Search code examples
pythonpeewee

Bulk inserting on table with foreign key field


Given the following models,

class Server(BaseModel):
    name = peewee.CharField(unique=True)

class Member(BaseModel):
    name = peewee.CharField(unique=True)
    server = peewee.ForeignKeyField(Server, related_name='members')

and a dictionary with keys being Server names and values being tuples of Member names,

data = {
    'Server01': ('Laurence', 'Rose'),
    'Server02': ('Rose', 'Chris'),
    'Server03': ('Isaac',)
}

what is the fastest way of bulk inserting Members using peewee? It seems like one should use Model.insert_many() here, but since Member.server expects a Server or Server.id, that would require iterating over data.items() and selecting a Server for each name.
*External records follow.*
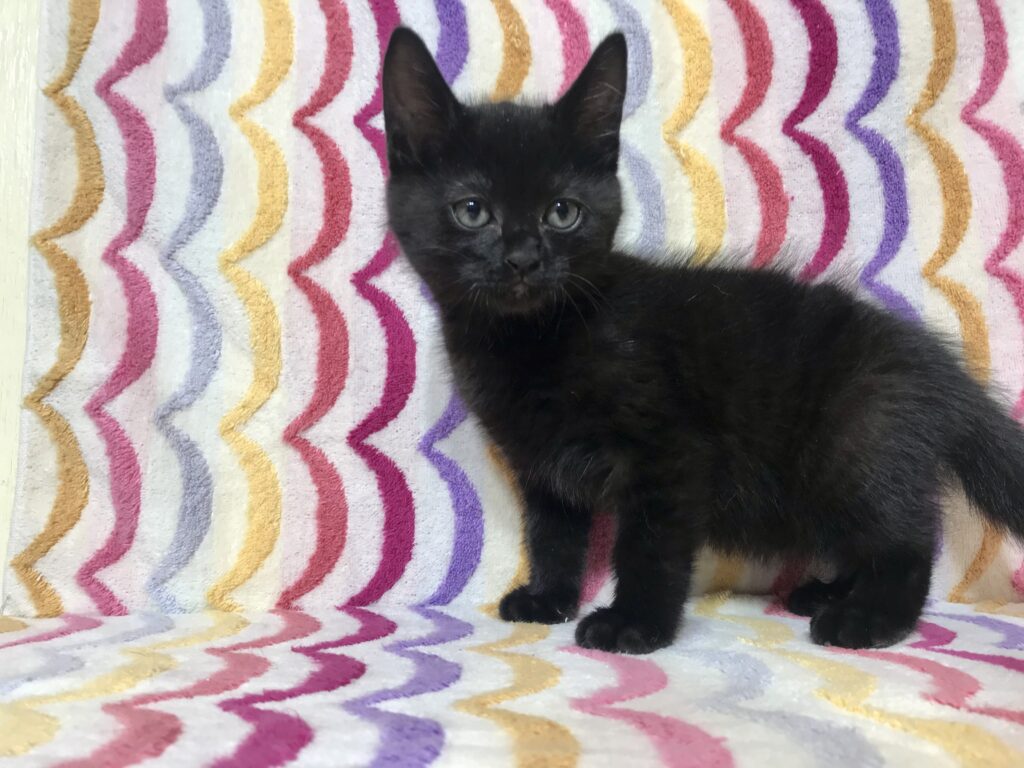 adoptions-sliderの2枚目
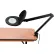 Global Industrial™ 8 Diopter LED Magnifying Lamp With Covered Metal Arm, Black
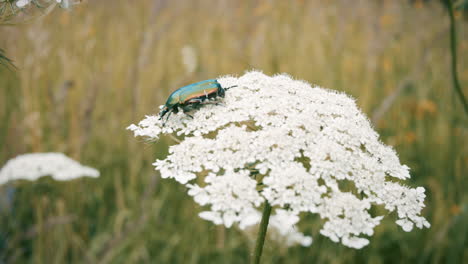 Shimmering-beetle-sits-on-a-white-flower-in-the-garden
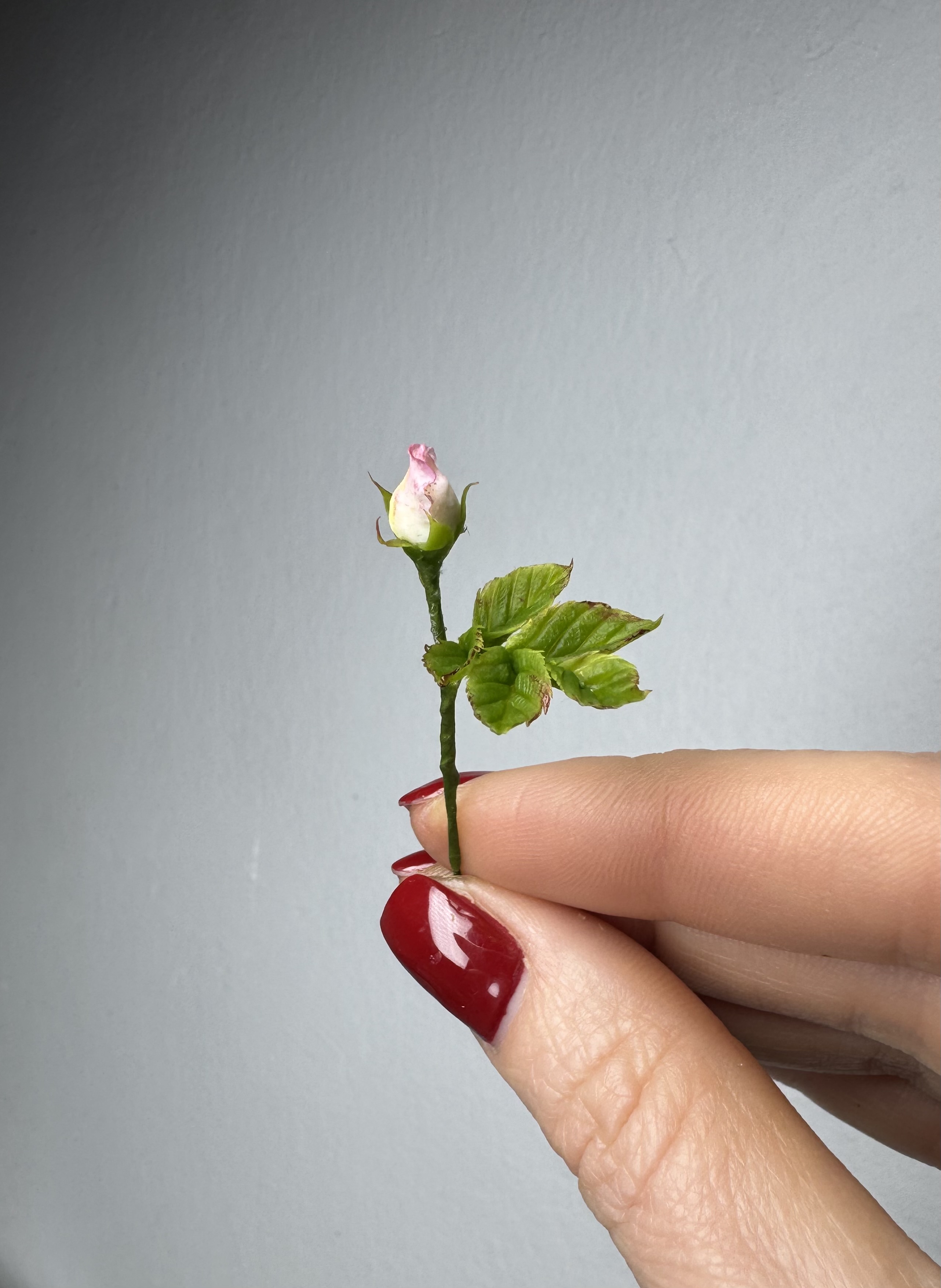 Miniature rose, Scale 1/6 - TO ORDER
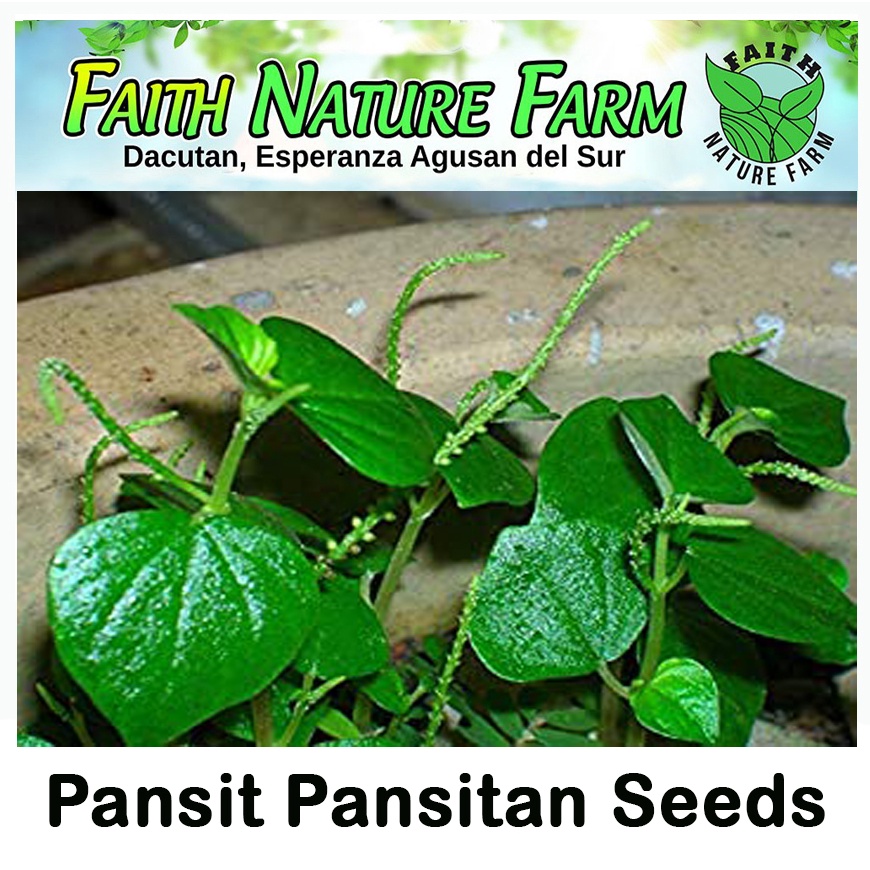 Pansit Pansitan Plant Seeds ( approximately 50 seeds ) | Shopee Philippines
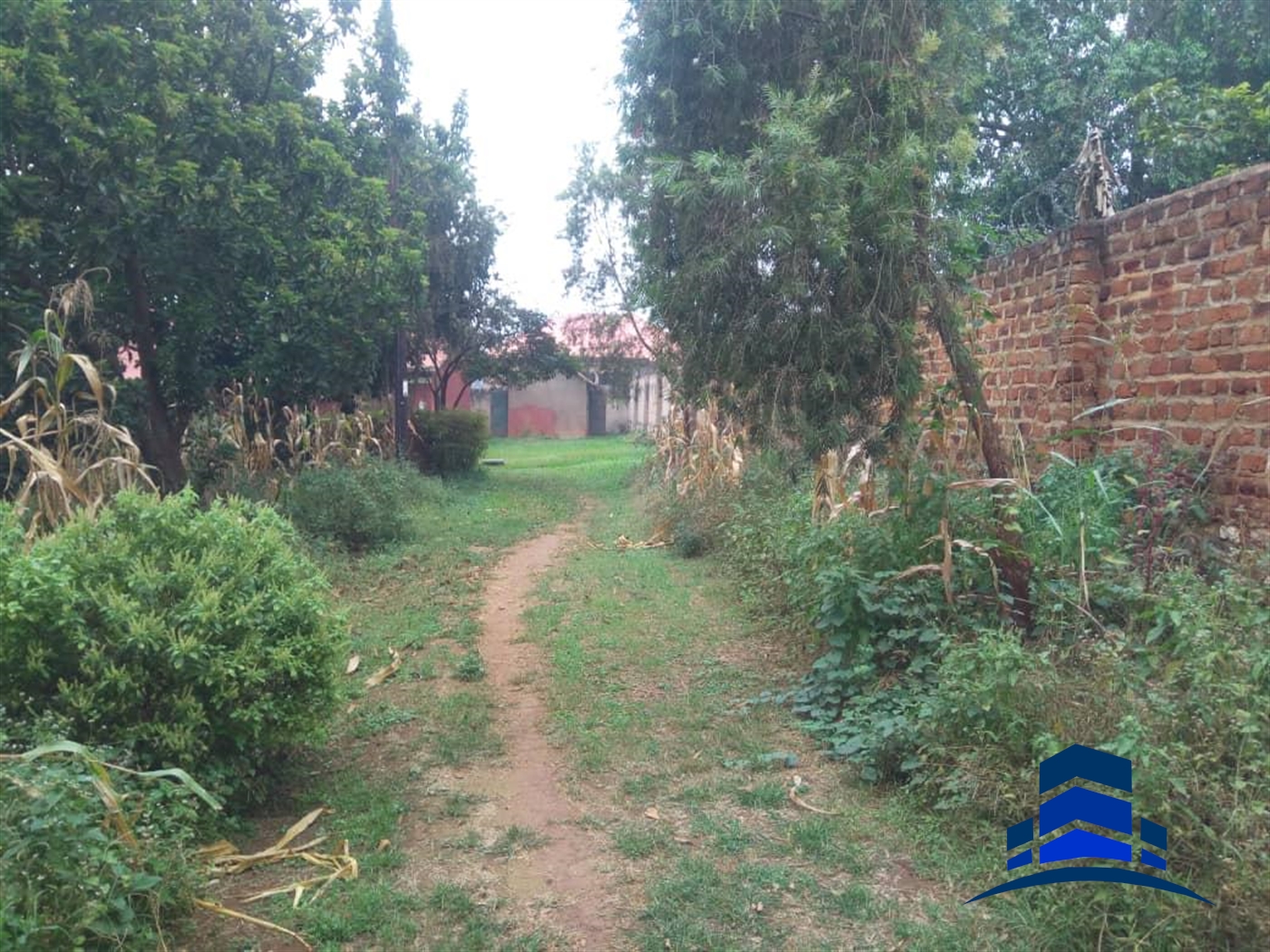 Duplex for rent in Naguru Kampala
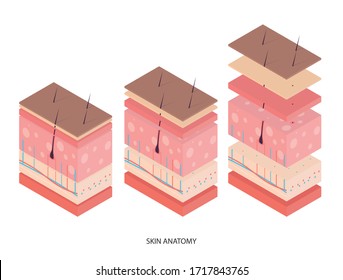 Human skin. Layered epidermis with hair follicle and sweat. Healthy skin anatomy medical vector illustration. Dermis and epidermis skin, hypodermis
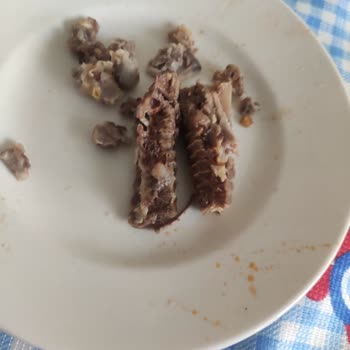 Banvit Kalçalı Butta Saklanan Kemikli Parça Ve Gramaj Oyunu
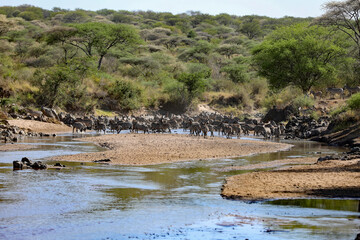 great migration zebras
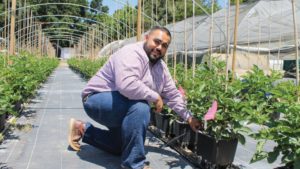Grower Sees Challenges, Opportunities in Booming Organic Berry Market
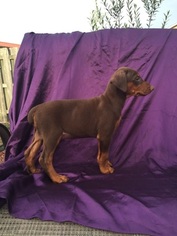 Doberman Pinscher Puppy for sale in PANAMA CITY, FL, USA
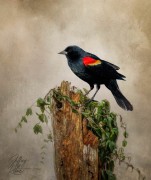 Red-Winged Blackbird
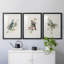 «Spring Song Blue Bird» - ensemble de photos encadrées-384428559-384428552
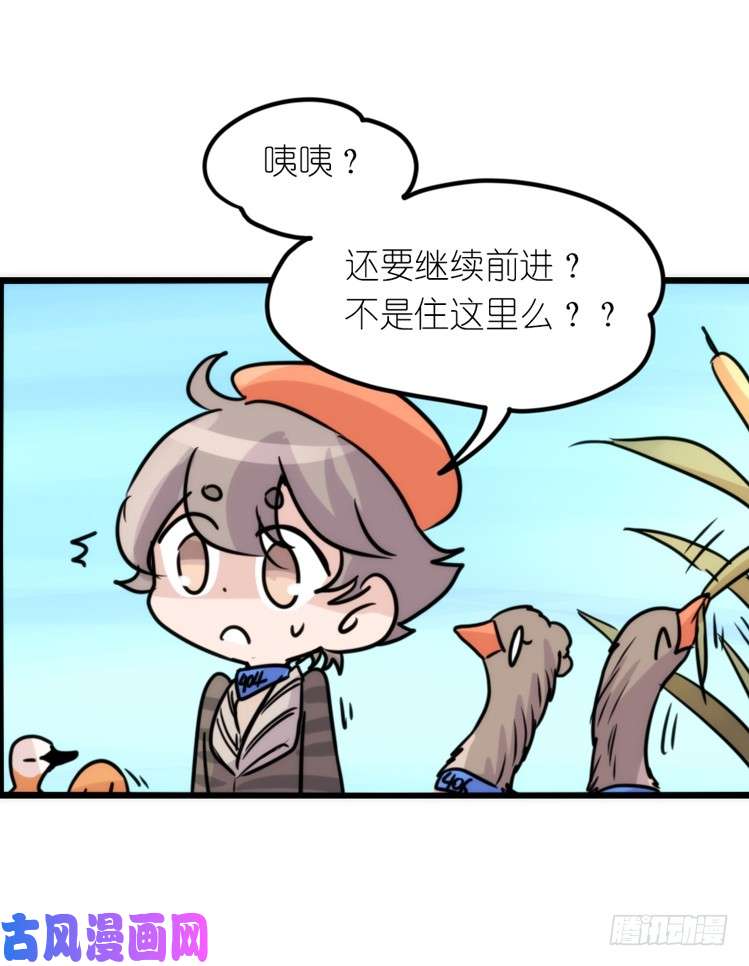 进化之基使命篇05：鸟眼看人奇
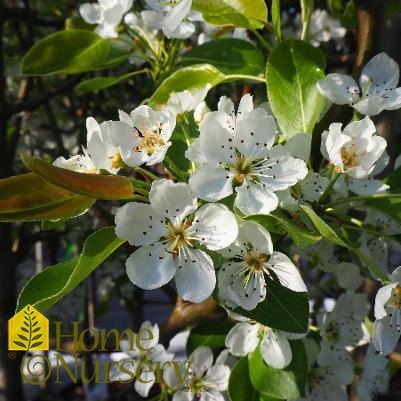 Pyrus communis 'Luscious'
for server_name, member_names in data.items():
    server = Server.select().where(Server.name == server_name)
    member_data = []
    for name in member_names:
        member_data.append({'name': name, 'server': server})

    with db.atomic():
        Member.insert_many(member_data)

Needless to say, this is terribly inefficient. Is there a better way of doing it?


Solution

  • Well, if you don't know ahead of time which servers are present in the DB it seems like your problem is the data-structure you're using. Keeping server_name -> member_names in a dict like that and trying to insert it all in one go is not how relational databases work.

    Try this:

    server_to_id = {}
    for server_name in data:
        if server_name not in server_to_id:
            server = Server.create(name=server_name)
            server_to_id[server_name] = server.id
    
    for server_name, member_names in data.items():
        server_id = server_to_id[server_name]
        member_data = [{'name': name, 'server': server_id} for name in member_names]
        Member.insert_many(member_data).execute()
    

    Note: don't forget to call .execute() when using insert() or insert_many().